History: Crawl
Preview of version: 35
Tiki Crawl
A crawler tool for checking links or gathering content from websites.
This is the alpha version of a crawler tool for checking links or gathering content from websites. It relies on the Crawler library from Spatie. Kudo to those guys.
Introduction
Tiki-Crawl is a powerful tool that allows you to crawl and index external websites or content from remote sources. It enables you to create a local index of content from external sites, which can be useful for various purposes such as aggregating content, building a search index, or archiving information.
With Tiki-Crawl, you can specify a list of URLs or feeds from external website or remote sources that you want to index, and TikiWiki will periodically crawl these sources to fetch and index the content. This process is often referred to as web scraping and web crawling
What is Tiki-Crawl?
Tiki-Crawl is a web scraping and web crawling feature that enables users to fetch and index content from external websites or remote data sources. It automates the process of gathering information from these sources and can stores it.
Requirements
To use Tiki-Crawl effectively, ensure that you have this version installed (but it may very well be that it works on older versions):
- PHP: Tiki-crawl requires
php version 8.2.6
or higher. - Node: Tiki-crawl requires
node version 18.16.0
or higher.
Installation
First you need to to clone the tool from https://gitlab.com/tikiwiki/tiki-crawl.
This piece of code has been tested with php 8.2.6
and node v18.16.0
, make sure you have those version installed (but it may very well be that it works on older versions, code is not that complicated).

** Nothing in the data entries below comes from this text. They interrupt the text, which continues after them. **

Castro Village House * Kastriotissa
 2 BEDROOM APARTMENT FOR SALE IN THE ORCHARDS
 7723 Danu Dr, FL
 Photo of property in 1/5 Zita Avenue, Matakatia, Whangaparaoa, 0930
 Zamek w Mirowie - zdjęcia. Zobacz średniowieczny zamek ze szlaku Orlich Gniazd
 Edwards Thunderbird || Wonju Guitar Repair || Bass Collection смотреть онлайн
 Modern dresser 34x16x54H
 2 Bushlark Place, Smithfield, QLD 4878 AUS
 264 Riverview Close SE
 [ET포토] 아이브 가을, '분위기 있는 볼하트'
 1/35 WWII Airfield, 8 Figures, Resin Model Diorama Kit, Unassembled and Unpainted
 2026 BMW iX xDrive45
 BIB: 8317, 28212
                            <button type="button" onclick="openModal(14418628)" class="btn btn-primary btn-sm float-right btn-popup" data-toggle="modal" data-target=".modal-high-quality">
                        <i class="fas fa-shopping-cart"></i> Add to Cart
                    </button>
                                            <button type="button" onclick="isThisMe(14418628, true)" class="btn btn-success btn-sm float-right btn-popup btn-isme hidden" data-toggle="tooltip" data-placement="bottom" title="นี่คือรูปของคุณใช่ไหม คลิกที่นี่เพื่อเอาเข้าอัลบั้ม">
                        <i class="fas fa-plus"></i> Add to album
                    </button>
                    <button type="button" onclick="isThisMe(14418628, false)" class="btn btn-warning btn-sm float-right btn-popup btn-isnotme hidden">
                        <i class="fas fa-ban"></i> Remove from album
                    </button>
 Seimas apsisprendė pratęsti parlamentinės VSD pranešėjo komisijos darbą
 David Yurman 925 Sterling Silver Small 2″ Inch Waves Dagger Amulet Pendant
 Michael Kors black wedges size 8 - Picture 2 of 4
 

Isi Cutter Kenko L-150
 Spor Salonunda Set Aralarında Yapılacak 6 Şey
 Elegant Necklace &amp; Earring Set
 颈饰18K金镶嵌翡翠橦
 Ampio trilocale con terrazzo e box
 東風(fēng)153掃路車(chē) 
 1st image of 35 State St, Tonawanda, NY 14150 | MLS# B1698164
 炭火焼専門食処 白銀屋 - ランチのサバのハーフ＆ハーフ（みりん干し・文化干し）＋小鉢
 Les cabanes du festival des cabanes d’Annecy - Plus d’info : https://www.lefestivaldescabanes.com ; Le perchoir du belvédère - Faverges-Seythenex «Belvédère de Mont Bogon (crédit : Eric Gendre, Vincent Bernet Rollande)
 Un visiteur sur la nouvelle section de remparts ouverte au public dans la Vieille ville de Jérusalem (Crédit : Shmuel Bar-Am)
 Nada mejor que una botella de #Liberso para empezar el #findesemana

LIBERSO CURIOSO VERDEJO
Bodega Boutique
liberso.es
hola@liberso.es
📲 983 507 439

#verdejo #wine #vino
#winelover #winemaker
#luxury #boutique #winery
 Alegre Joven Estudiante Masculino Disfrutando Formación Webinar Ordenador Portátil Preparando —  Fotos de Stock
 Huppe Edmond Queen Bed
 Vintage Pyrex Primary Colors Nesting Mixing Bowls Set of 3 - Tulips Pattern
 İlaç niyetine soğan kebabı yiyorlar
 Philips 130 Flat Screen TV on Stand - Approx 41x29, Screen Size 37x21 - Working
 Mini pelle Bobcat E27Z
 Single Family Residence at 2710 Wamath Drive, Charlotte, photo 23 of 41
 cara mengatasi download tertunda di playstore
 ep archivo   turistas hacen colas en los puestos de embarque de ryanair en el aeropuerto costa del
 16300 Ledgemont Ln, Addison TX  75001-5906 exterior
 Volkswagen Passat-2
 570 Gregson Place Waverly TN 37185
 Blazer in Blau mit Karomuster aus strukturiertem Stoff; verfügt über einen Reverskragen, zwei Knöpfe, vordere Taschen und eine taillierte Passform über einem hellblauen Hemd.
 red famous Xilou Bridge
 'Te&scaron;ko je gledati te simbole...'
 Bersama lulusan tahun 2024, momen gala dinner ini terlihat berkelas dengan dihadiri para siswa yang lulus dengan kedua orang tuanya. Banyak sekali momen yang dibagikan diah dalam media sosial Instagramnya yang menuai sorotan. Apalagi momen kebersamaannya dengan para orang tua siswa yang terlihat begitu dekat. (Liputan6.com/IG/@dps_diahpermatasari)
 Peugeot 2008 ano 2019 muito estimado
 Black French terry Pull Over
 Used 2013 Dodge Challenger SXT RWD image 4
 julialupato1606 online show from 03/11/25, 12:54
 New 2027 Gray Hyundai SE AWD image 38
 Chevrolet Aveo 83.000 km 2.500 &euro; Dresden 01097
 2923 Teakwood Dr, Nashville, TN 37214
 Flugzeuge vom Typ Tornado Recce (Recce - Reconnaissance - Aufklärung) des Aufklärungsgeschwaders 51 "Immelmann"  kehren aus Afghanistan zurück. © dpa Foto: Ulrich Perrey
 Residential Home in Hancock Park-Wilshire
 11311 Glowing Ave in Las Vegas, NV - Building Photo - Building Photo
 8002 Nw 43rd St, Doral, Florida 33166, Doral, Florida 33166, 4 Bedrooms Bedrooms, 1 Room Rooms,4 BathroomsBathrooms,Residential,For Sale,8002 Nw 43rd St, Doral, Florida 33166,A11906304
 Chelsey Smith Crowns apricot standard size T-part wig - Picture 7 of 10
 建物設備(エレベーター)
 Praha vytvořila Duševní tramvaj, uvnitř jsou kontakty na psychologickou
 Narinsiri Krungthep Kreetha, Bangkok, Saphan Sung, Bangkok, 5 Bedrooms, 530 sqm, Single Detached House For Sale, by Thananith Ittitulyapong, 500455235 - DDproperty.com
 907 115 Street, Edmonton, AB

composer update npm install
Usage
First you need to configure your options. You can override any options from config/config.default.php
by creating a config/config.php
file where you will be adding new values that will override the one in config/config.default.php
, for example:
<?php $options['timeout'] = 600; $options['js'] = true;
- Note: You don't have to change values from
config/config.default.php
.
Then you can launch the crawling with the command ./bin/crawl
following with the link of the website that you need to crawl. like the bellow command:
./bin/crawl https://books.toscrape.com
- Note:
toscrape.com
is useful for testing crawler, you can replace it with the link of any website that you need to crawl
Config options
This are configuration options that you can override in you new config/config.php
file
Name | Type | Default | Description |
---|---|---|---|
timeout | integer | 60 | the maximum time that should be waited before getting a response for any page crawled |
cli | boolean | true | show a progress dotted line while launching it in console |
log | boolean | true | keeps logs in logs/ directory (one for access one for errors) |
store | boolean | false | store crawled pages in collected-data/ directory |
max_size | integer | 2 | when store/ is enabled, the maximum size of stored documents, if you want to get pdfs you should up |
limit | ?integer | 5 | number of pages to crawl, set to false for unlimited crawls |
js | boolean | false | use headless chrome with puppeteer (takes much longer, and requires to have puppeteer installed) |
internal | boolean | true | only crawl urls that are on the same host |
concurrency | integer | 10 | number of concurrent requests to make |
max_depth | ?integer | false | if you want to only get the immediate links on the page you are crawl, set 1 , you can decide how deep you want to crawl from initial page |
delay | ?integer | false | add a delay in milliseconds between requests |
skip_urls | ?array | false | if you stumble upon problematic urls that make the crawler crash, you can skip them by listing them in this array |
allow_redirect | boolean | false | wether or not follow 30x redirects |
ignore_robots | boolean | false | bypass instructions contained in robots.txt file |
allow_nofollow | boolean | false | bypass the rel="nofollow" directive in links |
user_agent | string | TikiCrawl | the user-agent header sent with http requests |
Those options will be passed to spatie, you can learn more about those at https://github.com/spatie/crawler/
Roadmap
- handle the case where headless browser fails miserably and crawler lib don't catch it
- improve crawling on sites by using the canonical url that may be declared inside the html
- add an option to try gathering or checking http status on images (for finding missing ones)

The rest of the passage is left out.